1981 Engine Wiring Harness Question
So as I dig in to my new project 1981, I'm finding all kinds of fun surprises. I have a rat's nest of wires running all over my engine compartment with many of them dangling unconnected. The car does run, but it has apparently been "bubba'd" more than a few times to get it that way.
My plan is to swap out the stock engine for a crate engine, and when I do that, I was planning on getting a new distributor and carb, so I would like to go ahead and get rid of the Computer Control stuff altogether. So my question is, if I am going to get a replacement engine harness, should I just go with a 1980 version that would have provisions for a normal HEI distributor and could be run with an Edelbrock or Holley carb? I'm guessing 1980, but I'm not sure other than the distributor and carb changes what else I might be up against after the crate engine is intalled. Thanks. |
or maybe even earlier like 75 to keep it simple. tach feed would be one concern.
|
:lurk:
I'm doing a similar conversion on my '81. I hadn't considered using an older harness so it will be interesting to see what others think. |
Originally Posted by A88FXRS
(Post 1565102581)
or maybe even earlier like 75 to keep it simple. tach feed would be one concern.

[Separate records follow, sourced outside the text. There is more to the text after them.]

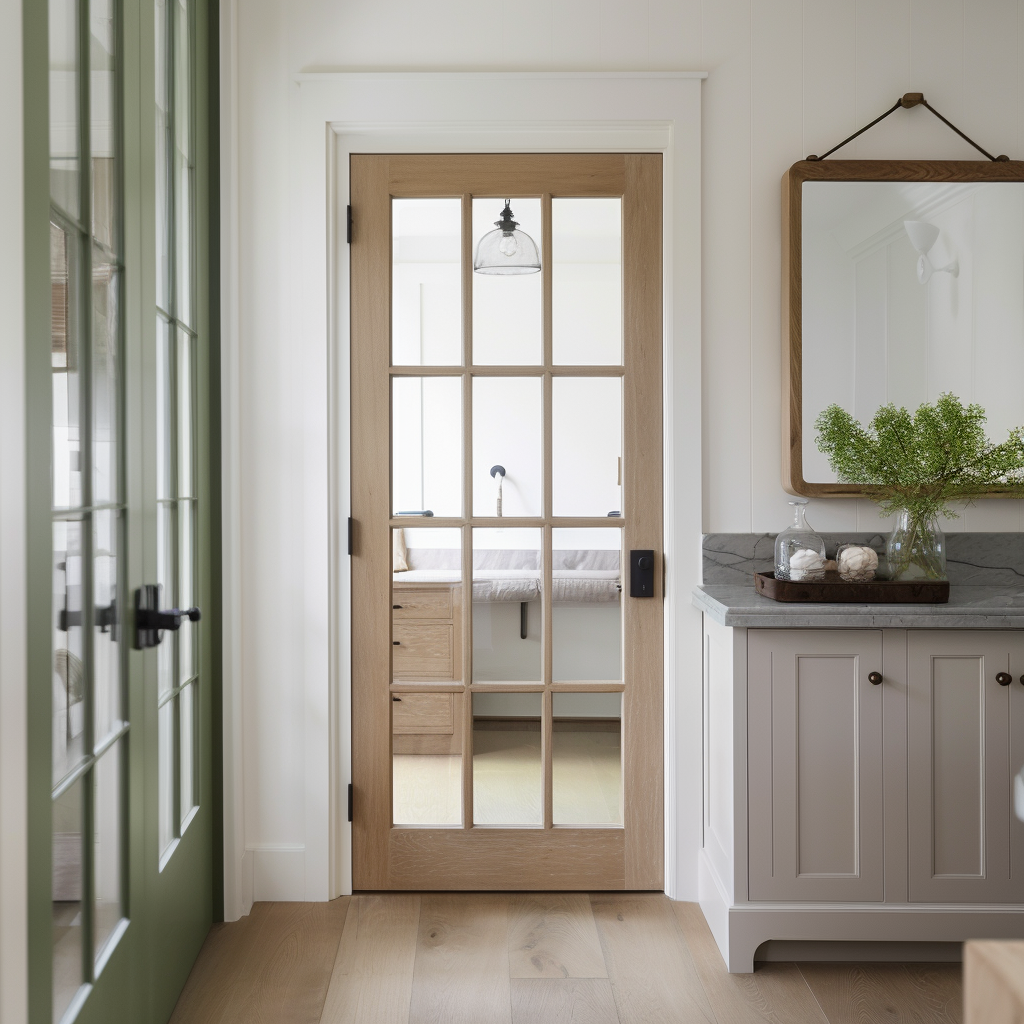 Handcrafted and built to order by skilled craftsmen, this oak and glass interior door with 12 divided lights. Pictured in a bright and light custom oak kitchen and butler pantry. Green doors. Stone backsplash.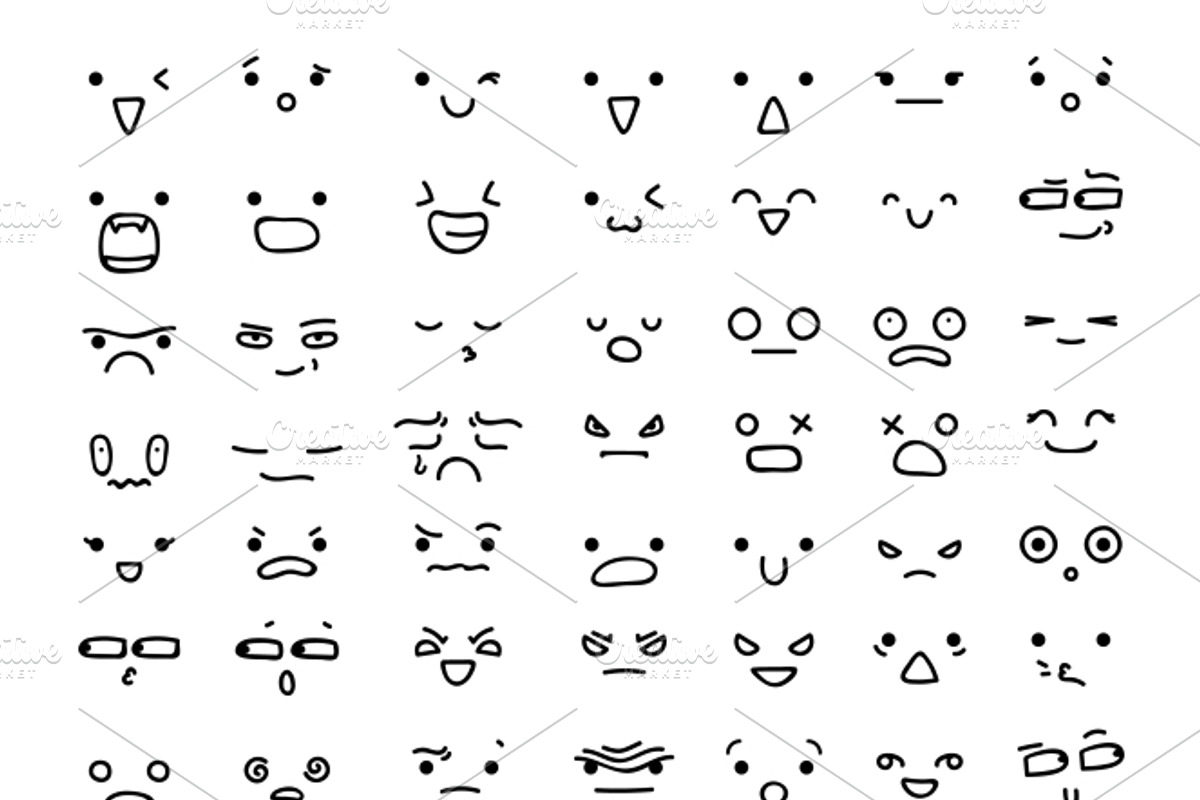 Big set 63 emotions isolated, an Emoji Icon by Modern vector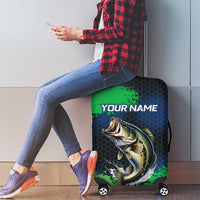 Personalized Bass Fishing Luggage Cover with Jumping Fish – Green and Black Angler Design - Wonder Print Shop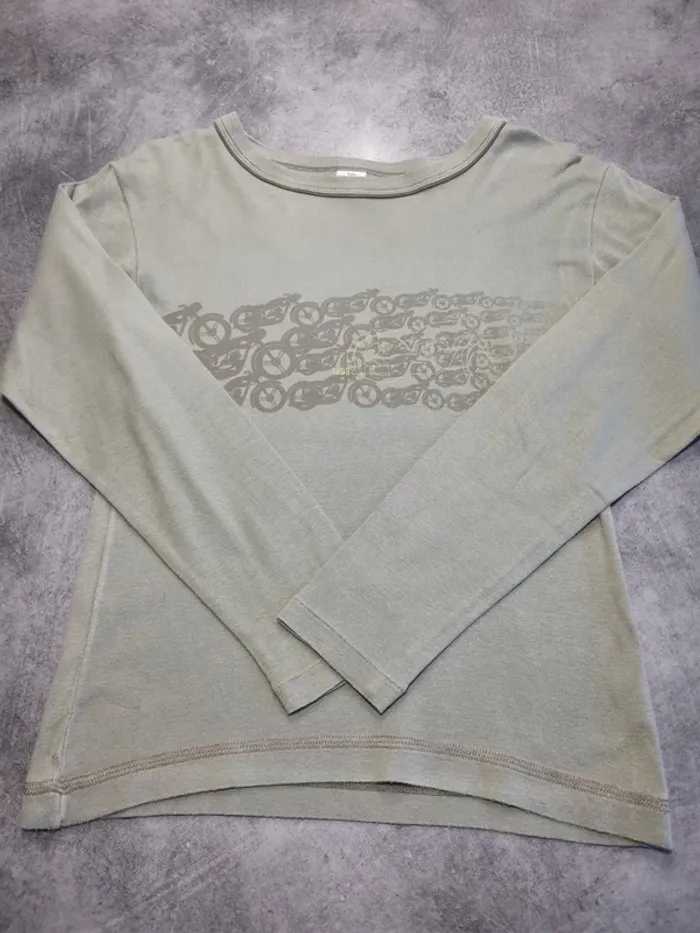 T-shirt à manches longues garçon - Taille 12 ans - Petit Bateau - Vert - photo numéro 6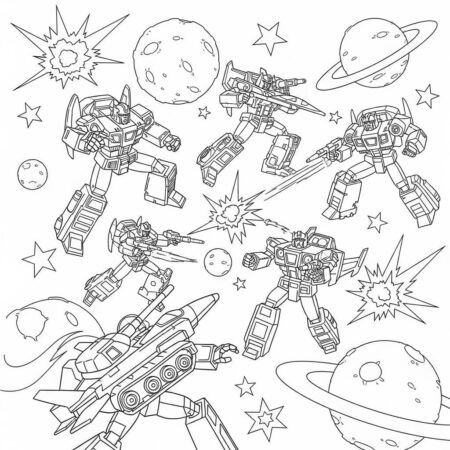 Transformers Combate Espacial (Desenho para Colorir)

There are also other items that would concern me. Probably your best bet is to loook over several wiring diagrams and figure out which year will suit you best, depending on which accessories you plan to leave on. Your vacuum hoses are going to be a bit of an adventure as well. I redid all of mine on my stock 81 and I swear that there were miles of them. Each had a function too and you're going to have to figure out which ones you can do without. |
Originally Posted by CA-Legal-Vette
(Post 1565104039)
:iagree:
There are also other items that would concern me. Probably your best bet is to loook over several wiring diagrams and figure out which year will suit you best, depending on which accessories you plan to leave on. Your vacuum hoses are going to be a bit of an adventure as well. I redid all of mine on my stock 81 and I swear that there were miles of them. Each had a function too and you're going to have to figure out which ones you can do without. Looking at wiring diagrams makes my head hurt, but, I guess I need to get a hold of one for an '81 to see what all was supposed to be there in the first place, because there is no telling what is or is not there now. I have a Haynes manual, it should be in there. To give you an idea of how bad it is, there was even one of those Crane Ignition boosters (smaller than an MSD box) screwed on to the firewall not connected to anything, and the main alternator wire has a butt connector splice about six inches off of the back. What year was the first for HEI distributors? |
Some high(low)lights:
What is that red thing with the (disconnected) vacuum lines running from it? http://i26.tinypic.com/2unvdyh.jpg The aforementioned Crane thing http://i32.tinypic.com/34ifdlj.jpg Alternator madness: http://i29.tinypic.com/qnjojn.jpg Lastly, what is this switchbelow and outboard of the master cylinder? http://i32.tinypic.com/2ur1cea.jpg |
My pieced together 1974 car has 1980 wire harnesses; interior, engine and headlight w/ a dash and cluster from a 1982. All works good but it has some splices in it. I had purchased a used 81 interior/gauge cluster harness for it but didn't use it...too many open connections to the ECM.
|
That switch below you're master cylinder is for the cruise control as far i as know.
|
i also have an 81. most of the wiring is computer related. if u plan on installing a different carb,dizzy,trans than i suggest removing the computer ( some forum members will tell you to keep it original and not do this ) trace all the wires back from the computer . by the way they come out in one big harness . then you have a blank canvas. on mine the only wire i had to pluck out of the bundle was the aircon control wire. here is a series of pics from start to finish. did it all by myself at home completed in 6 weeks.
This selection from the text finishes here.